Agora, a presidência da CNBB passa a ser composta por Dom João Justino de Medeiros Silva, arcebispo de Goiânia (GO) e primeiro vice-presidente da CNBB; Dom Paulo Jackson Nóbrega de Sousa, bispo de Garanhuns (PE), segundo vice-presidente da CNBB; Dom Ricardo Hoepers, bispo de Rio Grande (RS) e secretário-geral da CNBB; e pelo bispo dom Jaime Spengler, novo presidente.

“Cuidemos uns dos outros e nos deixemos cuidar uns dos outros para levar a bom termo aquilo que a Igreja, o nosso povo pedem e esperam de nós”, declarou dom Jaime durante a cerimônia de posse.

Leia abaixo a íntegra da mensagem da CNBB, ou clique aqui para baixá-la em pdf:

 

Mensagem 0126/23

Aparecida – SP, 28 de abril de 2023

MENSAGEM DA CNBB AO POVO BRASILEIRO

“Ele é a nossa paz: de dois povos fez um só, em sua carne derrubando o muro da inimizade que os separava” (Ef. 2,14)

Animados pelo amor do Pai, pela luz do Senhor ressuscitado e com a força do Espírito Santo, nós, bispos católicos, nos reunimos em Aparecida para a 60ª Assembleia Geral da Conferência Nacional dos Bispos do Brasil-CNBB. Fizemos isso como pastores em comunhão com os presbíteros, diáconos, religiosos e religiosas, consagrados e consagradas, cristãos leigos e leigas. Sentimo-nos acompanhados pela oração de nosso povo, representado visivelmente pela multidão de peregrinos de todo o Brasil, que rezaram conosco nas celebrações eucarísticas. Maria, Mãe de Jesus, a Senhora Aparecida, esteve perto de nós, acolhendo-nos, cuidando de nossos trabalhos e intercedendo por nós.

Esses dias na casa da Mãe Aparecida foram uma oportunidade para experimentarmos a comunhão a partir da riqueza de nossas diversidades.
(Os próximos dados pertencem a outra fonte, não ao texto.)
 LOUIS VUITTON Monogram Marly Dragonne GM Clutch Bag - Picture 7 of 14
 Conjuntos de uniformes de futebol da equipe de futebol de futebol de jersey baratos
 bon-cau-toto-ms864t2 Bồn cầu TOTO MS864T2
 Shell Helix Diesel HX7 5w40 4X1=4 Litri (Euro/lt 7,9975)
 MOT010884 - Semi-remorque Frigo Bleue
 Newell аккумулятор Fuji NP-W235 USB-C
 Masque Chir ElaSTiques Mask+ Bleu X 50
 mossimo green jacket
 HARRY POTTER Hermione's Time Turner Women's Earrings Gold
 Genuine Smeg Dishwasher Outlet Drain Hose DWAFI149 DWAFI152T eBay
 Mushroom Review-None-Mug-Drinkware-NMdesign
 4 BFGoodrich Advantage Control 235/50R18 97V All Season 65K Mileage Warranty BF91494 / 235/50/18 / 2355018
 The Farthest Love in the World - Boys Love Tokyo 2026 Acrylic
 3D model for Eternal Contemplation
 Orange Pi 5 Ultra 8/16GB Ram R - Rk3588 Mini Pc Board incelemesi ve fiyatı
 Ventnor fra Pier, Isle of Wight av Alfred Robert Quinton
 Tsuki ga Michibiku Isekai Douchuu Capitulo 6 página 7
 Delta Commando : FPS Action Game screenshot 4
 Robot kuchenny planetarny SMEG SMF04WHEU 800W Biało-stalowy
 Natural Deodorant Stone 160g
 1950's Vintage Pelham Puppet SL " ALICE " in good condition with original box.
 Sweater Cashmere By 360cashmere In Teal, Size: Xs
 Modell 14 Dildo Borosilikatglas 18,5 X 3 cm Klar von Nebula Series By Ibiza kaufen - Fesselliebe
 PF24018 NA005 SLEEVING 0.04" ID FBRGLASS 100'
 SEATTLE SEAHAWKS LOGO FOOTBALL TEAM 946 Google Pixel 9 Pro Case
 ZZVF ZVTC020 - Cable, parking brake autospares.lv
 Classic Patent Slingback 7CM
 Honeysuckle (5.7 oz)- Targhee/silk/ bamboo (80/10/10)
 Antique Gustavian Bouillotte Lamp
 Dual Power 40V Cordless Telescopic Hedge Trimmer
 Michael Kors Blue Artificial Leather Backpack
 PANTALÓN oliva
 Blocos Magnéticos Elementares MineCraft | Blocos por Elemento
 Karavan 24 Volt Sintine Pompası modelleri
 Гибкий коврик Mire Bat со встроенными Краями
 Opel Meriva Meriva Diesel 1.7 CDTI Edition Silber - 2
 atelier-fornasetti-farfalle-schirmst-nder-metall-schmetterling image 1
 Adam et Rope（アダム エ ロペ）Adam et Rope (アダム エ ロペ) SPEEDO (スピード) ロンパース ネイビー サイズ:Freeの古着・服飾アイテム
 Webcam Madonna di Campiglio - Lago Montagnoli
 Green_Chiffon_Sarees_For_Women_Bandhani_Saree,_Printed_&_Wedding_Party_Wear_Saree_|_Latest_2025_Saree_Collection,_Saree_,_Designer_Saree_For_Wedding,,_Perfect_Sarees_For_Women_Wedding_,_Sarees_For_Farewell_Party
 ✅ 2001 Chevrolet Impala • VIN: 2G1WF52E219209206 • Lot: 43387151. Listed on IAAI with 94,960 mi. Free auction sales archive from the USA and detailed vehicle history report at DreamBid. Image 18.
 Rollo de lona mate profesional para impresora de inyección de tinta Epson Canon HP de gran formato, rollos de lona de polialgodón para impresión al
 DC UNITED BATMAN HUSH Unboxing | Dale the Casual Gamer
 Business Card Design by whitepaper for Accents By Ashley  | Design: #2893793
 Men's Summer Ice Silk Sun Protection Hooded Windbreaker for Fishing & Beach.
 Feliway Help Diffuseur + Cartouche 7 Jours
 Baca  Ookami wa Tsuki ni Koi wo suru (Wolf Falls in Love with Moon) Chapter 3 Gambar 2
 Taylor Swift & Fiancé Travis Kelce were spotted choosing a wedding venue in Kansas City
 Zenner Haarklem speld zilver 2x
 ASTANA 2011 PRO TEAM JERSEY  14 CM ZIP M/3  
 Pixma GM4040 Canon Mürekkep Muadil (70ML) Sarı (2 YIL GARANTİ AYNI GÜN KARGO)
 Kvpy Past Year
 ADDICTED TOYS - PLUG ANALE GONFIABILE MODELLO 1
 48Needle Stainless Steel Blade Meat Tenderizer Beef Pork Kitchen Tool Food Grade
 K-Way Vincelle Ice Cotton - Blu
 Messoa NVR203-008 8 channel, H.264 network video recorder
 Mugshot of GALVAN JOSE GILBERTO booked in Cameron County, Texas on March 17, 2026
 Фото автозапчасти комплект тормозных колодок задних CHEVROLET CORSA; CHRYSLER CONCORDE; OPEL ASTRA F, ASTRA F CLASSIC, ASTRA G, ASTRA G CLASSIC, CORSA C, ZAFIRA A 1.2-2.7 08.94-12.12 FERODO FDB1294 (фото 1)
Quem nos une é Cristo e, por ele, esperançosos e comprometidos, renovamos nossa opção radical e incondicional com a defesa integral da vida que se manifesta em cada ser humano e em toda a criação.

A renovação desse compromisso com a vida dá-se num tempo marcado por grandes desafios que, longe de nos desanimarem, estimulam a Igreja na promoção do Reino de Deus. Nossas comunidades estão respondendo, com solidariedade fraterna, às consequências das tragédias socioambientais; com compromisso cidadão na defesa da democracia e, com responsabilidade social, ao drama da fome que nos assola. Com alegria, reconhecemos que esse é o autêntico e eficaz testemunho de que o mundo necessita, à luz da Palavra de Deus, pois não temos ouro nem prata, mas trazemos o que de mais precioso nos foi dado: Jesus Cristo ressuscitado (cf. At. 3,6).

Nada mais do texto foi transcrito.